Little is known about this dangerous creature, but researchers have begun
to formulate an understanding though interviews with those who have
encountered him in the wild. It is believed that because he needs to spend
so little time searching for a mate, he can devote all his energy to
enlarging his calves in an attempt to improve his already ridiculous 48"
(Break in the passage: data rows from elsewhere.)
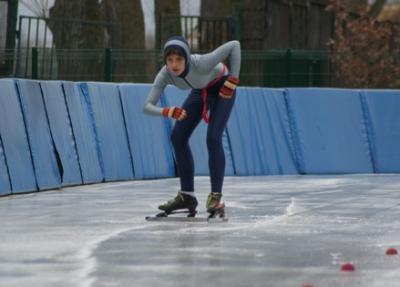 1125_lyzwy_max2.jpg
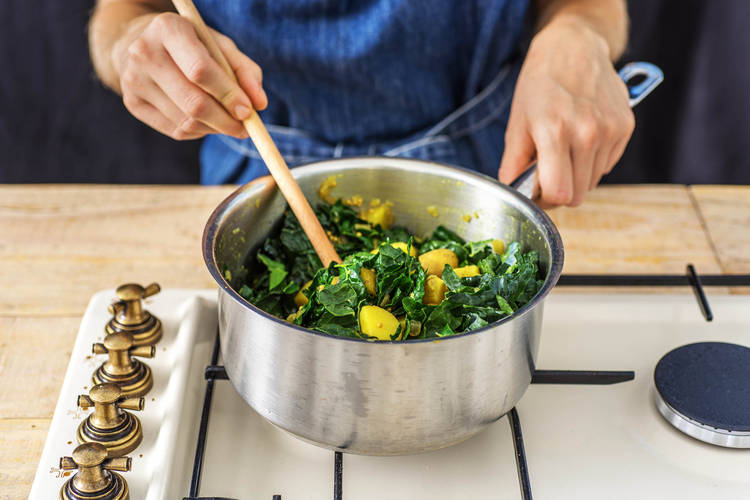 Finish the Sag Aloo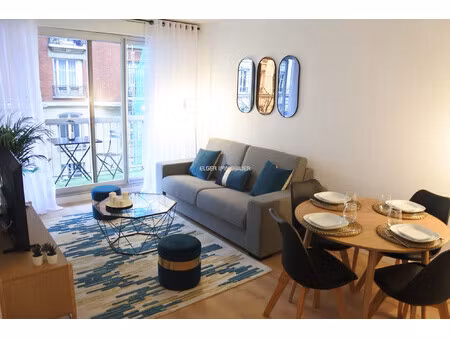 beau 2 pieces meuble rue rennequin metro pereire -bail société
standing vertical. It has also been noted that his internal clock is
apparently set at least 30 minutes slow, regardless of what time zone he
is in. This may be because of the inability to tell time by the sun in the
northern-most areas of his natural habitat, he never developed this
Some unexplained behaviors include the wanton movement of large boulders
into apparently random organizations, repeatedly spiking volleyballs at
inoppertune moments, shaving his fur into a half-inverted mohawk, and
performing differentiation while making Chewbacca sounds.
Playing ultimate frisbee against Tyler is not recommended. He often dazes,
humiliates, and demoralizes his opponents repeatedly, and without ceasing.
Sometimes when he is done with that he will eat them, and later get sick,
expelling them out of both ends on the side of the freeway (near where
some of his pulls end up). If you see Tyler on the field, run the other
direction - but not too fast or you may trigger his hunting instinct.